Silver (or gold), while certainly tangible, is not 'useful.' You can't eat it or live in it. It's just a metal. It has no inherent value except people agree it has value. In this way it is no different than printed money. It is just heavier.
I agree GV's phrasing wasn't the best, but I don't know any printed currencies that are universally accepted as valuable the way PMs are.
I don't know of any precious metals that can be eaten, used as tools, shelter or weapons, or that provide warmth
Currency doesn't really need inherent value, it is only a temporary and portable medium of exchange. A gov't need not 'back' a currency as such, since I don't intend to exchange it for some (also inherently worthless) metal. I only need a portable exchange.
Say I have aspirin, you have eggs, I don't need eggs but you need aspirin. There's a 3rd guy that has firewood which I do need. You would have to go find him and that would only work if he needs your eggs, otherwise you need to get us all 3 together to perform the exchange at once. Huge hit to productive capacity in the economy all this resource shuffling and logistics, hence currency.
I only need the money long enough for my next exchange (whatever that is). It's not a 'store' of value and isn't intended as such. Even when I invest, stocks, bonds, whatever, that's not dollars-- it's *denominated* in dollars. Huge difference.
Take ADRs for example. Stocks of foreign companies that trade on our exchanges just so they're easier to buy for people with dollars. Those shares aren't suddenly storehouses of dollars, they're just *denominated* in dollars on our exchange.

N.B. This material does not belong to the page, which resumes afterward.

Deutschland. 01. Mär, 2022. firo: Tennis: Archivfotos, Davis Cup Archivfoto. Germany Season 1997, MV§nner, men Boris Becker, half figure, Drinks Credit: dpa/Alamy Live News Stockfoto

Money is a medium of exchange. So-called 'hard money'-ers and goldbugs miss the premise completely.
Precious metals are just commodities (commodities in a bubble at that!)
I don't need a universally acceptable form of printed currency unless I'm trading with foreign economies. Domestically is all I trade with directly.
Anyway, the dollar, love it or hate it, is darned near this universally accepted currency anyway.